*** Listed records ***

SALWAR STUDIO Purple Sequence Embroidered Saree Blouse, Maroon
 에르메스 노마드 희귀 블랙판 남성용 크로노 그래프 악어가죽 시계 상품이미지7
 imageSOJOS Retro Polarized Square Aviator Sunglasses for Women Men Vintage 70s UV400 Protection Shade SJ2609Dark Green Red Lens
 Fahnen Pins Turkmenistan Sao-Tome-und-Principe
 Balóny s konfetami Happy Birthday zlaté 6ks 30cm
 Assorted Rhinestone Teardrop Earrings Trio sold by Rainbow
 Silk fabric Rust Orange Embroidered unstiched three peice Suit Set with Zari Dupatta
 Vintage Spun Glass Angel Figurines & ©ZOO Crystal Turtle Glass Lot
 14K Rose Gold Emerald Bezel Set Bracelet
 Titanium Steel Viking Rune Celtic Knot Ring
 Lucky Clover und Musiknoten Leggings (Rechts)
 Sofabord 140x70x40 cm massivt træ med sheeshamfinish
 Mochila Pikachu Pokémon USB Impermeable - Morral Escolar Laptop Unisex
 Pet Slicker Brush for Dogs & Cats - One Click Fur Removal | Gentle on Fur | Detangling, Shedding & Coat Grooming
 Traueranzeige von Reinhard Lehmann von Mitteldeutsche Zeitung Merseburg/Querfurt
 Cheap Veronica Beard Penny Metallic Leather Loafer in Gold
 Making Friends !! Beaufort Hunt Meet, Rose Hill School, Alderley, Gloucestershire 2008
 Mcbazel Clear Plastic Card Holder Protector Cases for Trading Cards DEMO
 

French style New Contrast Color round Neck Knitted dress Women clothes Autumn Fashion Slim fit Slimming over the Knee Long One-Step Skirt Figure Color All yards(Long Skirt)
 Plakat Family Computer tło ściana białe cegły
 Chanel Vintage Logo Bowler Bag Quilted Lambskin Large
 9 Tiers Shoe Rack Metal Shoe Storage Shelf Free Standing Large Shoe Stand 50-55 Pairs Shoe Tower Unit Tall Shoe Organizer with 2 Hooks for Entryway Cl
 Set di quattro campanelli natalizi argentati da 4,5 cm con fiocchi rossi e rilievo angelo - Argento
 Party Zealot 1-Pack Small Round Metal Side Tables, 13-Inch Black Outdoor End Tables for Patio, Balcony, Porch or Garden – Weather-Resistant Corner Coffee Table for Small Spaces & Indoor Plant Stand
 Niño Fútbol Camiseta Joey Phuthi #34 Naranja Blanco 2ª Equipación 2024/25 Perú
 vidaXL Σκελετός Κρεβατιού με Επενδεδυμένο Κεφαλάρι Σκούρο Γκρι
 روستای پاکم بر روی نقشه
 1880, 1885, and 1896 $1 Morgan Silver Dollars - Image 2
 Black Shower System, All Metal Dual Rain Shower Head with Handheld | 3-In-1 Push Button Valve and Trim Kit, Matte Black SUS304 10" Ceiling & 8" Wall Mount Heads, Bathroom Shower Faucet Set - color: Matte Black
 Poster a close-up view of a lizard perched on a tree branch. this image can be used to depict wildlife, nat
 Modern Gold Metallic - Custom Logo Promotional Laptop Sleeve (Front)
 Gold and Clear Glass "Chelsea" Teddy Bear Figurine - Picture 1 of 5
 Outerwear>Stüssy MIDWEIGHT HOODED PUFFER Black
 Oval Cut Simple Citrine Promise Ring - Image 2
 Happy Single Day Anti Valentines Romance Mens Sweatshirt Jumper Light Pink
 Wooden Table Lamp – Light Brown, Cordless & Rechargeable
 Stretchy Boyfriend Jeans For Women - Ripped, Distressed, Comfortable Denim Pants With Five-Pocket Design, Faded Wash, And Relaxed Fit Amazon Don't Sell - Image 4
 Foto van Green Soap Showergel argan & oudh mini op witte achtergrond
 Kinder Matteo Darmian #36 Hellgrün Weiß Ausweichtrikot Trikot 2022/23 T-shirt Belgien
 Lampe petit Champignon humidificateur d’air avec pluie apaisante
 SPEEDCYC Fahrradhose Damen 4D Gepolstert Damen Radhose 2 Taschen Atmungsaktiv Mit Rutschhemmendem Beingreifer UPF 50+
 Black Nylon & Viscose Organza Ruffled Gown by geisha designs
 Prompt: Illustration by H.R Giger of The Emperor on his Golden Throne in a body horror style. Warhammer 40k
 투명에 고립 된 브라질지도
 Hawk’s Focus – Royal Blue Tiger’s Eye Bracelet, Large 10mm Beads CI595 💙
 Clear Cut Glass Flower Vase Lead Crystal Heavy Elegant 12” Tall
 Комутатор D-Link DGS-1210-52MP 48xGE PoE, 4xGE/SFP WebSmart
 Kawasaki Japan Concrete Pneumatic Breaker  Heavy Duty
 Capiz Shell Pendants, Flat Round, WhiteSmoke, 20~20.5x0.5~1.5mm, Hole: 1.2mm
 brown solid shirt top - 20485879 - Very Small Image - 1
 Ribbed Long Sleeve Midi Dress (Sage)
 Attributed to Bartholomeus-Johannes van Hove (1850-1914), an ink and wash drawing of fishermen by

*** End of Listed records ***

• _Exercise goal_
Please transcribe the records exactly from their first line through the line holding "Pet Slicker Brush", and leave out all others.

• _Answer space_
SALWAR STUDIO Purple Sequence Embroidered Saree Blouse, Maroon
 에르메스 노마드 희귀 블랙판 남성용 크로노 그래프 악어가죽 시계 상품이미지7
 imageSOJOS Retro Polarized Square Aviator Sunglasses for Women Men Vintage 70s UV400 Protection Shade SJ2609Dark Green Red Lens
 Fahnen Pins Turkmenistan Sao-Tome-und-Principe
 Balóny s konfetami Happy Birthday zlaté 6ks 30cm
 Assorted Rhinestone Teardrop Earrings Trio sold by Rainbow
 Silk fabric Rust Orange Embroidered unstiched three peice Suit Set with Zari Dupatta
 Vintage Spun Glass Angel Figurines & ©ZOO Crystal Turtle Glass Lot
 14K Rose Gold Emerald Bezel Set Bracelet
 Titanium Steel Viking Rune Celtic Knot Ring
 Lucky Clover und Musiknoten Leggings (Rechts)
 Sofabord 140x70x40 cm massivt træ med sheeshamfinish
 Mochila Pikachu Pokémon USB Impermeable - Morral Escolar Laptop Unisex
 Pet Slicker Brush for Dogs & Cats - One Click Fur Removal | Gentle on Fur | Detangling, Shedding & Coat Grooming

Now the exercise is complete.